Comment 4: Disentangling EC and nutrient signals (Line 567-574 & Figure 8).
While the manuscript appropriately attributes low plateau-lake nutrient variability to recovered conditions, the combined calibration dataset explicitly includes a high-nutrient gradient via the 2006 coastal lakes. The variance partitioning (Fig. 8) shows major shared variance between EC and nutrients (TON, Phosphate), yet the partial CCA (Table 5) indicates negligible unique nutrient effects. This raises a critical, unresolved question: does the dominant EC signal ecologically overwhelm nutrient influences in this system, or does it statistically mask a co-varying nutrient effect, particularly in coastal lakes where both marine ions and organic nutrients are elevated? Please expand this discussion to explicitly interpret Fig. 8, clarifying whether the weak unique nutrient signal is an ecological reality of the recovered state or a statistical artefact of collinearity, thereby justifying the exclusive focus on EC for paleoclimatic inference.
Comment 5: From suggestion to synthesis for multiproxy research (Line 625–632)
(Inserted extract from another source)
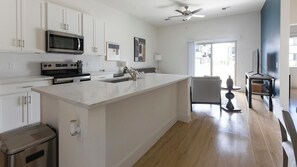 Refrigerador, mesa de comedor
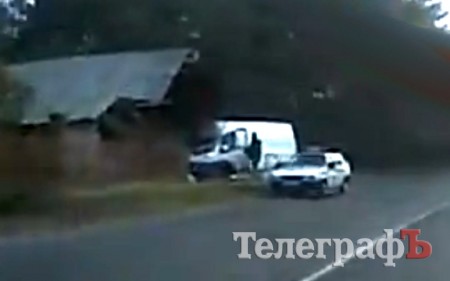 Под Кременчугом микроавтобус врезался в гараж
The conclusion on multi-proxy applications is currently vague. Please expand this into a concise synthesis paragraph proposing a specific framework. For example, explain how δ²H/δ¹⁸O could constrain evaporative effects on EC, or how mercury isotopes could independently validate wind-driven aerosol deposition. Outline one or two testable hypotheses that future multi-proxy studies on Macquarie Island could address to resolve the interplay between SHW strength, precipitation, and evaporation.
Comment 6: Some important environmental variables are missing, for example, the effect of water depth on diatom assemblages (Farqan Muhammad et al., 2025, Quaternary International).
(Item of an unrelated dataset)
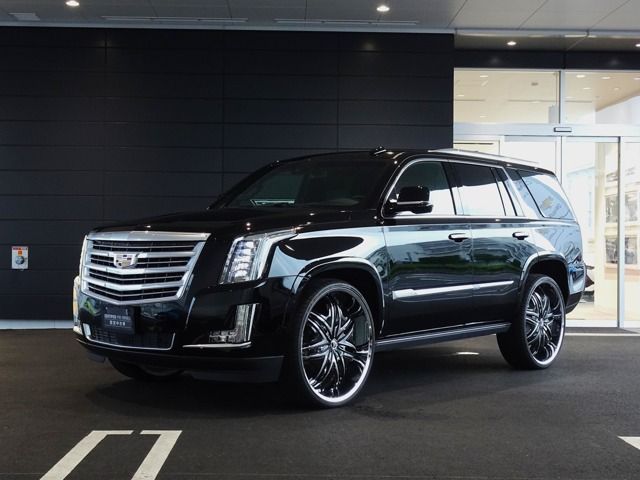 CADILLAC ESCALADE 2015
Comment 7: Lines 340-341: How many diatom taxa are classified as ‘unknown’?
Comment 8: In the Discussion section, figure numbers should be inserted where appropriate.
Comment 9: In the Introduction and Discussion sections, more studies on diatom–EC transfer functions and the indicative significance of diatoms for salinity should be discussed, for example, Farqan Muhammad et al. (2025, Ecological Indicators).
Minor issue:
Line 21: “Sea-spray inputs” – Specify whether this refers to dry deposition, wet deposition, or both, as this affects the wind-salinity relationship.
Line 63: “from the late 1900s to early 2000's” change to “late 1900s to early 2000s” (no apostrophe).
Line 70: “were conducted during a period of disturbance related to introduced invasive vertebrates rather than when the island was in a natural state” → awkward; rephrase to “were conducted during a period of vertebrate-induced disturbance rather than under near-natural conditions”.
Lines 79–82: Mention whether lake type (SSA, catchment, rainfall) was validated with independent data or is based solely on the Meredith et al. (2022) classification.
Line 121: “drier windier summers” add comma “drier, windier summers”.
Line 126: Figure 1 caption “modern core SHW belt (50–55S°)” correct to 50–55°S.
Lines 203–207: Justify the use of both parametric and non-parametric statistical tests in the same dataset. Consider providing a table of test results for clarity.
Lines 347–355: Mention whether any taxa (Species distributions) are exclusive to coastal vs. plateau lakes, and the implications for salinity inferences.
Lines 437–440: Figure 11 – Label panels (a–d) clearly in the caption and refer to them in the text when discussing model performance.
General – units and formatting: EC is sometimes µS cm⁻¹, sometimes not specified. Standardize to µS cm⁻¹ everywhere. Also check consistency of δ¹⁸O / δ²H notation (superscript vs plain text).
Line 345: In the taxon name Psammothidium confusum var. atomoides, ‘var.’ should be in regular font rather than italics.